The alibi_detect.utils.random has been made public as it might be quite useful for use in example notebooks, experiments etc.

Note: If we decided we didn't want the new utilities public, we could hide it within tests instead, however we would not be able to set set_seeds as an entry_point for pytest, meaning pytest wouldn't use our custom seed setter internally (our custom one also sets the TF and torch random seeds, whereas the pytest reseed function only sets Python and Numpy seeds).

What does this PR not address

Going forward we might want to avoid setting seeds altogether, by using generators such as tf.random.Generator and np.random.Generator. This would likely involve passing a seed kwarg to detectors (similar to the scikit-learn random_state). This PR doesn't help with this, and is instead a stop-gap to be used in the interim.

Related issues

Related to #250.

setup.cfg

jklaise · 2022-05-03T12:58:39Z

alibi_detect/utils/random.py

+    import torch
+
+
+def set_seed(seed):


seed: int
Is None valid/desirable here (e.g. you can do np.random.seed(None) do seed with an unknown state).

Yes I wanted that, but annoyingly torch.random.manual_seed doesn't support None. I guess we could take None, and then generate a random seed ourselves using system time etc, but I didn't want to complicate matters too much for now, especially since random, np.random and tf.random all randomly generate seeds in different ways if None is passed.

On second thoughts, in the event of None, we could call np.random.seed(None) first, and then get that seed to use to set the others?
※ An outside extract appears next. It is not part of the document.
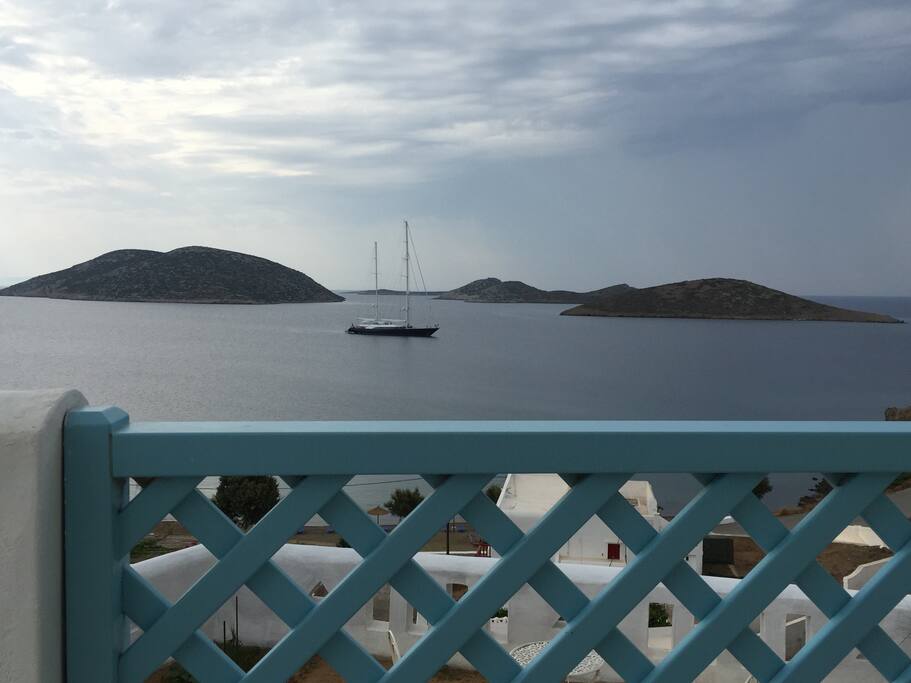 barche a vela all'orizzonte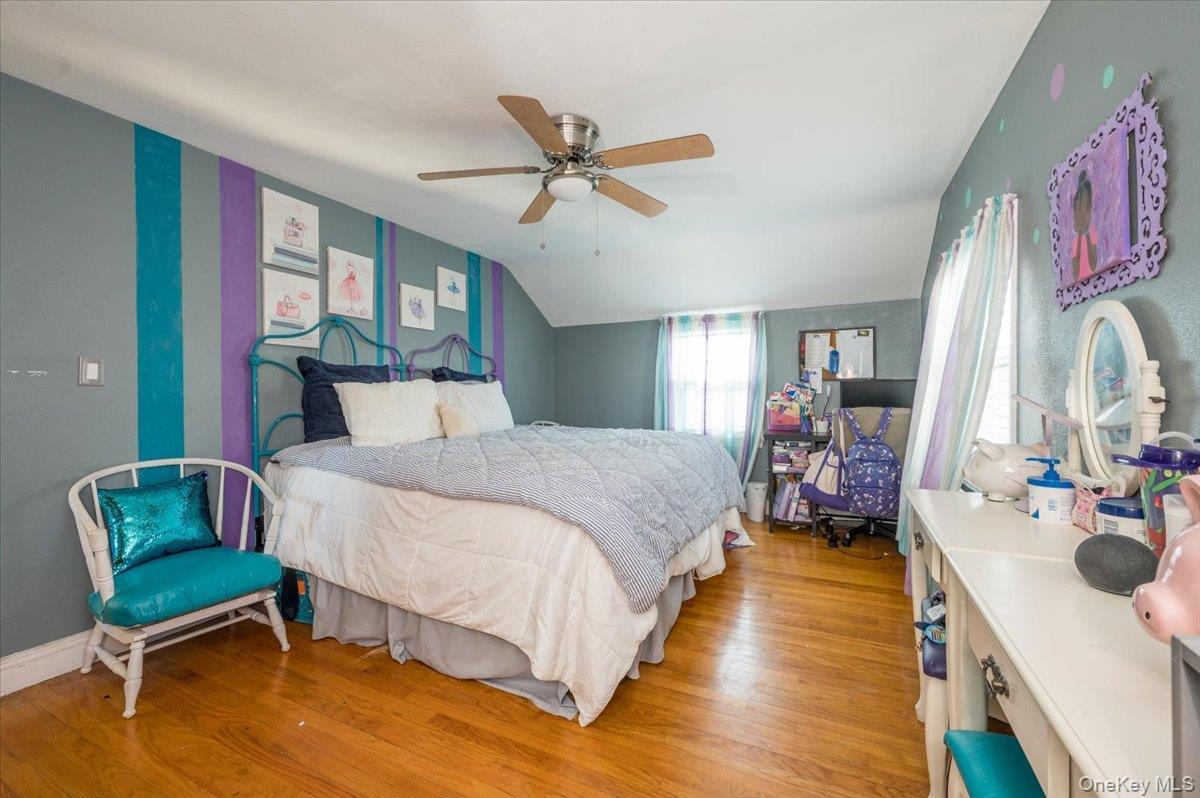 Single Family Chester  Nassau County, NY 11580, MLS-971948-8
I don't think it's worth complicating at this point, the utility of a "random random seed" is also not clear in a function specifically for setting a known seed.

jklaise · 2022-05-03T12:59:06Z

alibi_detect/utils/random.py

+    """
+    os.environ['PYTHONHASHSEED'] = str(seed)
+    random.seed(seed)
+    np.random.seed(seed)


Not sure if relevant, but what was the deal with using new-style numpy random number generators?

AFAIK, this shouldn't affect the numpy generators, in that they don't appear to be affected by the np.random.seed() at all. A very crude example:

from alibi_detect.utils.random import set_seed, get_seed rng = np.random.default_rng() set_seed(0) a = rng.random() set_seed(0) b = rng.random() assert a == b # False rng = np.random.default_rng(0) a = rng.random() rng = np.random.default_rng(0) b = rng.random() assert a == b # True

I've changed utils.random to private for now, since going forward we might want to more deeply consider how we can move from the legacy numpy RNG to generators (assume this would involve passing a seed kwarg to detectors, a la scikit-learn).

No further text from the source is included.